Last year, a team of U.S. researchers applied the pruning shears to computer chips to trim away rarely used portions of digital circuits. The result was chips that made the occasional mistake, but were twice as fast, used half as much energy, and were half the size of the original. Now, building on the same “less is more” idea, the researchers have built an “inexact” prototype silicon chip they claim is at least 15 times more efficient than current technology in terms of speed, energy consumption and size.
In the traditionally exacting world of computing, it might seem counter intuitive to set out to develop a chip that is allowed to make a few errors.

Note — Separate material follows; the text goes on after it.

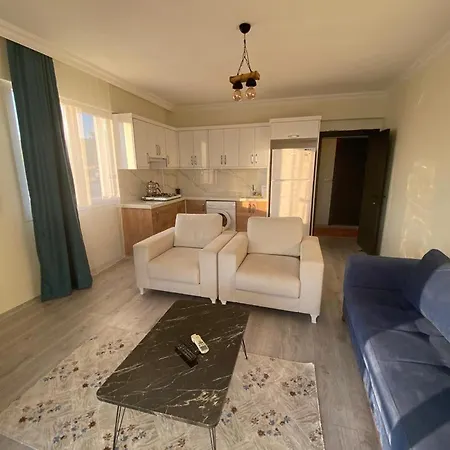 Azize Apartamento *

But by managing the probability of errors and restricting which calculations are allowed to produce errors, the research team led by Krishna Palem has been able to slash energy demands while also boosting performance.
In addition to removing certain processing components, the team also employed another innovation in the prototype chip to further cut energy demands called “confined voltage scaling,” which trades some performance gains by taking advantage of improvements in processing speed.
“In the latest tests, we showed that pruning could cut energy demands 3.5 times with chips that deviated from the correct value by an average of 0.25 percent,” said Avinash Lingamneni, a Rice graduate student and co-author of the study. “When we factored in size and speed gains, these chips were 7.5 times more efficient than regular chips. Chips that got wrong answers with a larger deviation of about 8 percent were up to 15 times more efficient.”
While you probably wouldn’t want to find any inexact chips in the cockpit of an airplane or a missile guidance system, there are plenty of applications where a certain margin of error is acceptable.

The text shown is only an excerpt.